Throughout, Oscar maintains his spirit and resolve by recalling his mother’s words of wisdom: “My mama’s womb had given me life, but it was her wisdom implanted in my brain that kept me alive.” She imbues in him the belief that “Skin color don’t make us no less a person.” This belief is reinforced when he meets the many (white) people who are willing to help him on his trip along the Underground Railway: “I was overwhelmed with relief when I realized that people are people. Simple as that. And the color of my skin doesn’t make me less of a person. It doesn’t separate or define my humanness. No, what makes some less human is hatred and hateful actions.”

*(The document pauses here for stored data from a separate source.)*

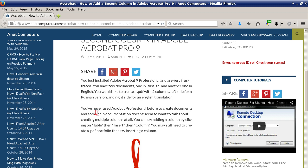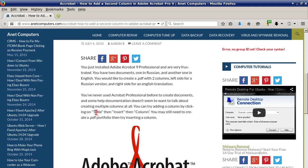You just installed Adobe Acrobat 9 Professional and are very frustrated. You have two documents, one in Russian and another one in English. You would like to create a PDF with two columns, left side for a Russian version and right side for an English translation.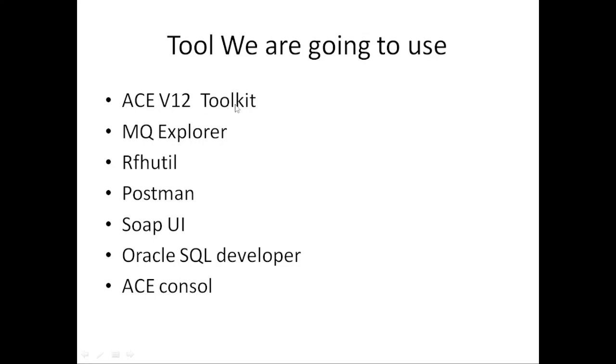After that, ACE Console - we're going to configure it. In ACE Console, we can write commands to see whether the broker is running or not, or mqsisetdbparms to set configuration details. These all things we're going to use using the ACE Console.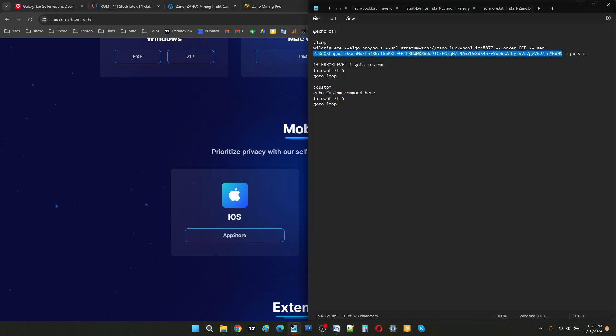And here as well, once you paste your address, you have to swap the CCDB sample (CryptoCoinDaddy, our website). You can replace this with your own worker name, so you can write Alex or whatever you want.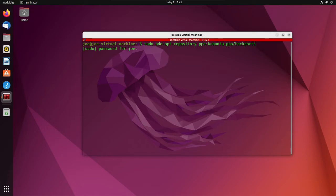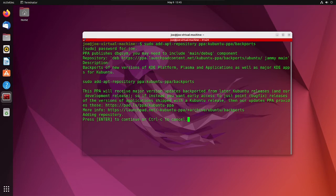This will install the KDE backports to make sure you get all the newest versions of the KDE apps. Then press enter.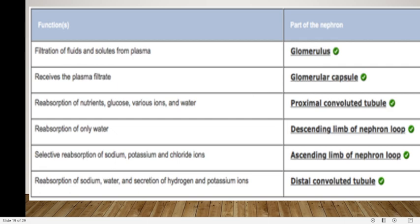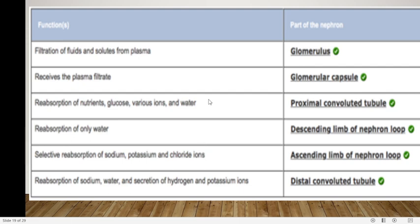The glomerulus is involved in the filtration of fluids and solutes from the plasma. The glomerular capsule receives the plasma filtrate. The proximal convoluted tubule helps in reabsorption of nutrients, glucose, various ions and water. The descending limb of the nephron loop — or loop of Henle — is involved in reabsorption of only water. The ascending loop of Henle has selective reabsorption of sodium, potassium and chloride ions. The distal convoluted tubule handles reabsorption of sodium and water, and secretion of hydrogen and potassium ions.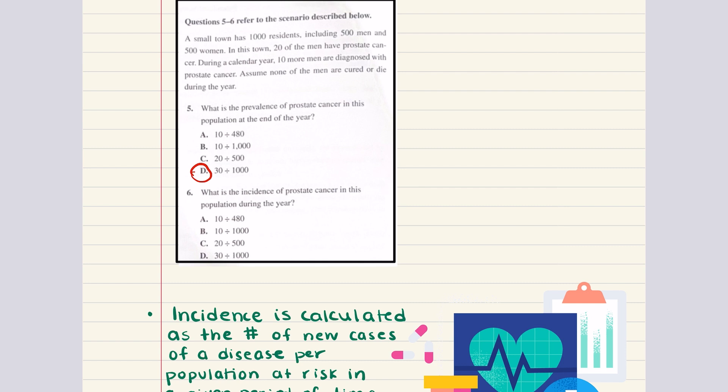Question six asks: what is the incidence of prostate cancer in this population during the year? Incidence is the total number of new cases divided by the at-risk population during a period of time. There were 10 new cases this year, and the at-risk population includes only the males who did not already have prostate cancer. The 20 men already diagnosed and the 500 women should not be included. So the incidence is 10 divided by 480 — the correct answer for six is A.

In the Foreword, the author gives us some background into how she came to write this story: “In many southern states, educating slaves to read or write was illegal. […] I incorporated the element of educating slaves into this story and, in particular, with the protagonist and narrator of the story. […] Many of the scenes depicted were adapted from historical notes, letters, and other documentation from slaves who lived to tell their stories.” She succeeds admirably in giving us a look into the psyche of the young slave Oscar and rendering a heartbreaking account of the atrocities committed in the name of greed and prejudice.
Oscar’s story will haunt you for a long time after you have finished reading.

About the Author
Paulette Mahurin
Paulette Mahurin is a best selling literary fiction and historical fiction novelist. She lives with her husband Terry and two dogs, Max and Bella, in Ventura County, California. She grew up in West Los Angeles and attended UCLA, where she received a Master’s Degree in Science.
Her first novel, The Persecution of Mildred Dunlap, made it to Amazon bestseller lists and won awards, including best historical fiction 2012 in Turning the Pages Magazine. Her second novel, His Name Was Ben, originally written as an award winning short story while she was in college and later expanded into a novel, rose to bestseller lists its second week out. Her third novel, To Live Out Loud, won international critical acclaim and made it to multiple sites as favorite read book of 2015. Her fourth book, The Seven Year Dress, made it to the top ten bestseller lists on Amazon US, Amazon UK, and Amazon Australia. Her fifth book, The Day I Saw the Hummingbird, was released in September 2017.
Semi-retired, she continues to work part-time as a Nurse Practitioner in Ventura County. When she’s not writing, she does pro-bono consultation work with women with cancer, works in the Westminster Free Clinic as a volunteer provider, volunteers as a mediator in the Ventura County Courthouse for small claims cases, and involves herself, along with her husband, in dog rescue. Profits from her books go to help rescue dogs from kill shelters.